Even so, the film is far from the sole focus of the story so far, being paired alongside Yonagi’s struggle to fit into the traditional high school environment. Before acting, Yonagi had cut herself off from building relationships with those around her, so that she could focus on the survival of herself and her siblings. As such, Yonagi’s attempts to build traditional friendships have proven to be difficult for her. The introduction of Asahi and her resentment towards Yonagi serves as a great example of this. Asahi grew to hate Yonagi for ignoring her in the past, interpreting it as a sign of Yonagi looking down on her. Trying to gain Asahi’s friendship forces Yonagi to reflect on who she was in the past as well as in the present, and how she want herself to be defined in the future. The video Yonagi and Yoshioka send to Asahi perfectly encapsulates Yonagi’s self-awareness of her past behavior, and her desire to rectify it moving forward.

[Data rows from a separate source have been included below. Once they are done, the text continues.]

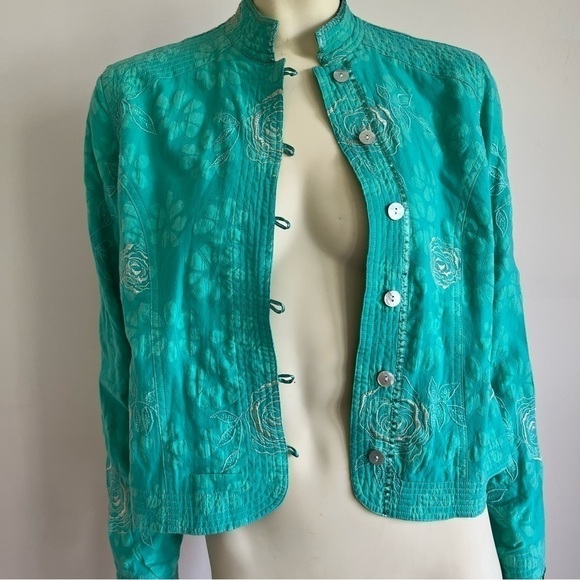 MIRASOL Women’s Embroidered Roses Jacket Mandarin Collar Shell Buttons Green S - Picture 13 of 14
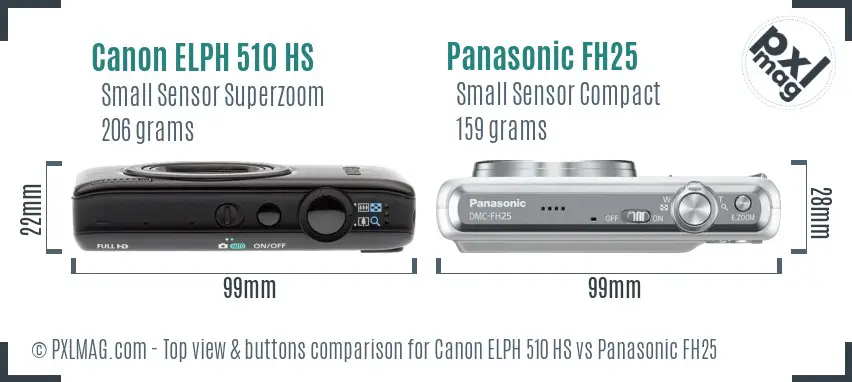 Canon ELPH 510 HS vs Panasonic FH25 top view buttons comparison
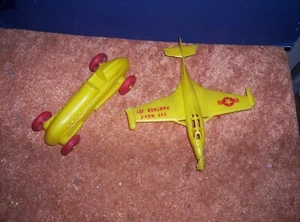 2 RENWAL Yellow Panther Jet And Car Vintage Hard Plastic Plastic Toy - Picture 1 of 3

Due to being out of the theatrical setting, there haven’t been a ton of moments for Usazaki to show off her talent for transforming scenes into a cinematic experience, but whenever there is an instance of acting within these chapters, it shines in full force. In chapter 57, the two-page spread of Yonagi acting out a breakdown in the face of a “looming threat” to scare off students in a hallway masterfully creates an unexpected sense of tension in the chapter. Chapter 59’s video directed at Asahi is also wonderfully depicted, showcasing the drastic difference in Yonagi’s past expressions to how she currently wishes for herself to be seen. Even outside of the series’ traditional environment, Usazaki has found a way to make her artwork as beautiful and immersive as ever.
Matsuki has taken Act-Age’s story in a direction that few could have predicted, but so far things are looking great. Even with Asahi finally on Yonagi and Yoshioka’s side by the end of chapter 59, it’s clear that their obstacles in successfully completing the film for the school festival are far from over. With all the said, it’s going to be a real treat seeing where things go in the coming weeks.